This summer I was clearing out the house where I grew up in order to put it on the market. After 56 years of continuous inhabitation by the Smith family you can guess that it was filled with memorabilia of my past. I found two small stools that I had made in shop in the seventh grade. They weren’t great but I thought they would do as gifts for my small grandchildren. So at my 70th birthday celebration in Vermont this summer I delivered them to my two sets of grandchildren. After a week long celebration the families headed out and we cleaned up. In a bathroom I discovered that one of the stools had been left behind.

My wife appropriated it when we got back home as there were some high cabinets that she could not reach. So I thought I should make her one to replace it when it eventually got back to the proper grandchild. It was a week before Christmas and I had been so busy with Fall shows and filling orders for knit shops for my knitted shawl and sweater clasps that I had not even started on the project

As I was looking at my lumber stack in the shop I found a board that was filled with memories. Shortly before he died in 1980 my father had the boys from the local saw mill come and cut up a cherry tree that had fallen in the wind. When I went to pick up the wood, Bubba Adams, the sawyer, reached into his pocket and produced a steel spike and a ceramic fence post arrestor. He said: “Would you happen to know anything about this.” With much embarrassment I admitted that my father and I had put that on the tree 35 years earlier when we had horses. The horses were long gone and the tree had grown around the spike and we had forgotten all about it.

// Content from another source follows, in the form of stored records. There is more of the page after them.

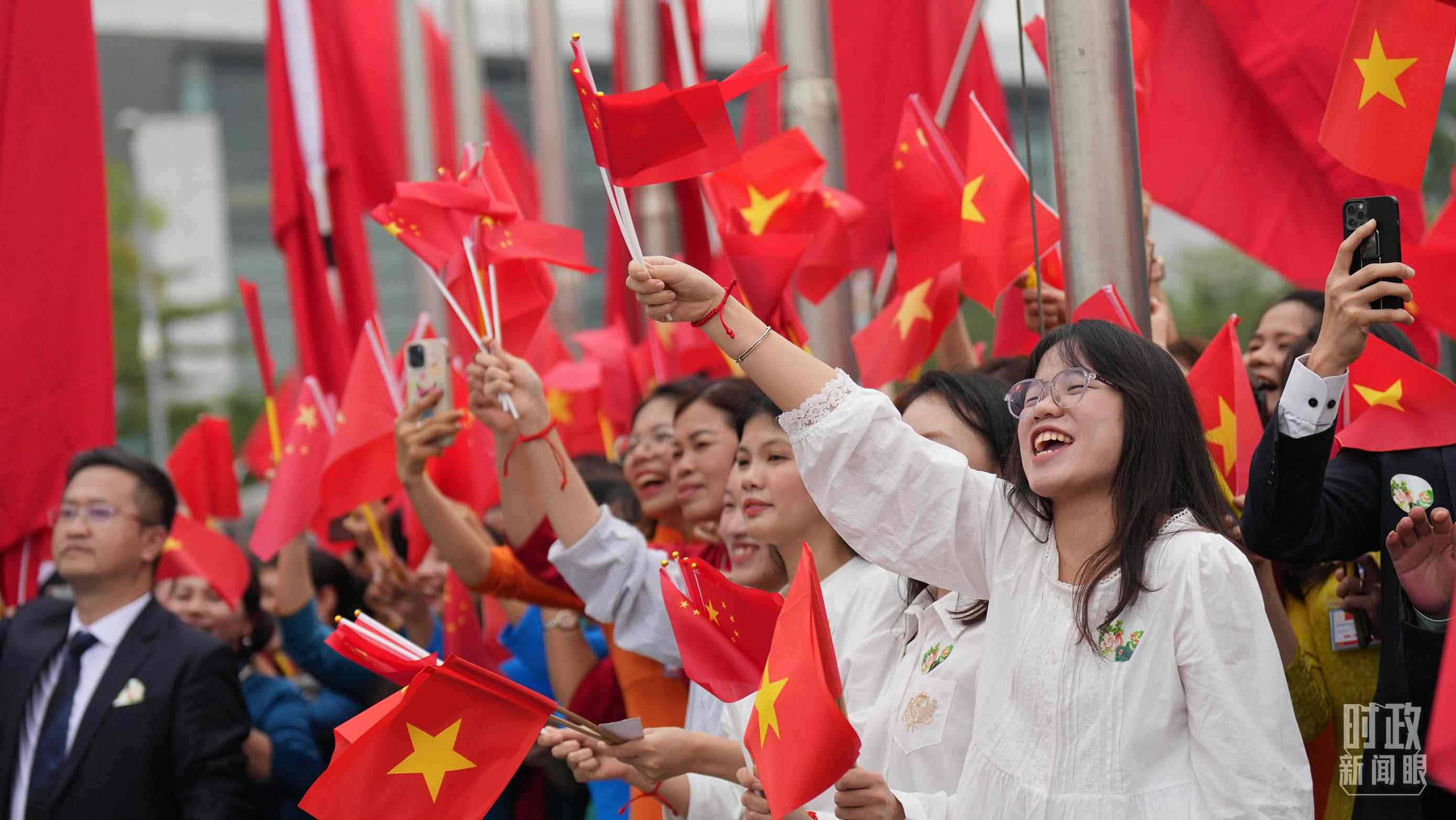 △人們揮舞兩國旗幟歡迎習(xí)近平訪越。（總臺國廣記者李晉拍攝）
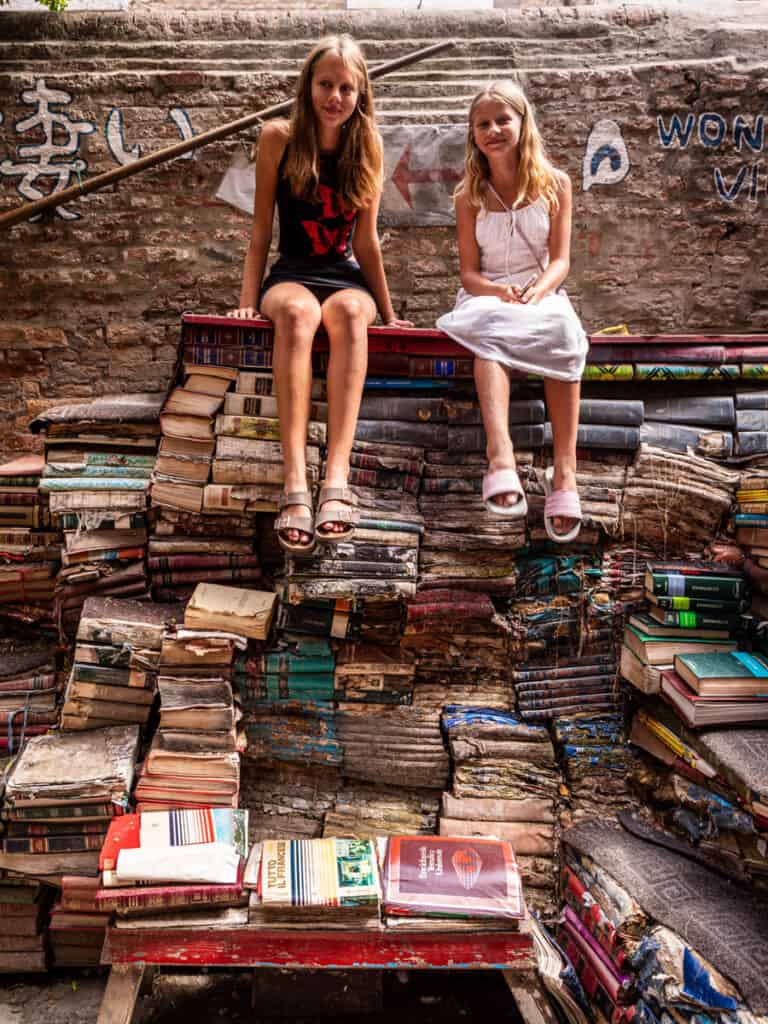 Kalyra and Savannah sitting on wall of books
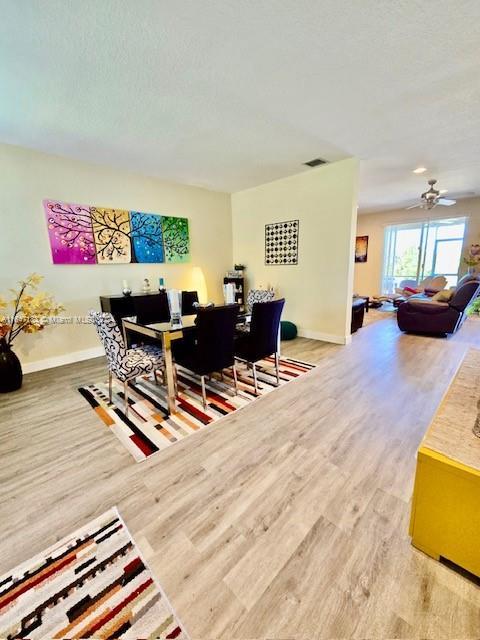 living room with hardwood / wood-style flooring and ceiling fan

“Well, the saw found it.”Bubba grumbled..

I thanked him profusely and loaded the wood. He would not take any money for his efforts. So I made a Chippendale mirror for him and his adopted brother out of the wood and I know that they hang proudly in their respective houses.

One of the two inch thick slabs had a dark stain and axe marks where the metal had been chopped out of the wood. I thought at the time that I should make something special out of this wood that would incorporate all the memories it held. So 28 years later, after having moved that wood from Virginia to Iowa, to New Mexico, to Kentucky and finally to Maryland I decided that this would be the next best time.

I wanted to design something better than what I had done in junior high school. The slab was a good 15 inches wide. My planer is only 12 inches. So I decided to do a somewhat rustic design and incorporate some of the natural edge of one side of the board and make a roughly triangular three legged stool with a 15 x 19 inch top. One advantage of a three legged stool is that even if the floor is uneven, and most are, it will sit flat without rocking.


Read the rest of the story on my main blog at For the Love of Wood.




  • Posted 4:05pm January 12th, 2009
    Katy, Thanks for your kind comments. I read a woodworker by of James Krenov, who suggested that you should let the wood tell you what it should be, rather than the other way around.


  • Bday Tiara.jpg
    Katy
    GB Staff
    Posted 10:52am January 10th, 2009
    I am in love with these pictures -- and it reminds me of something that my grandfather does that will always be a special memory for me.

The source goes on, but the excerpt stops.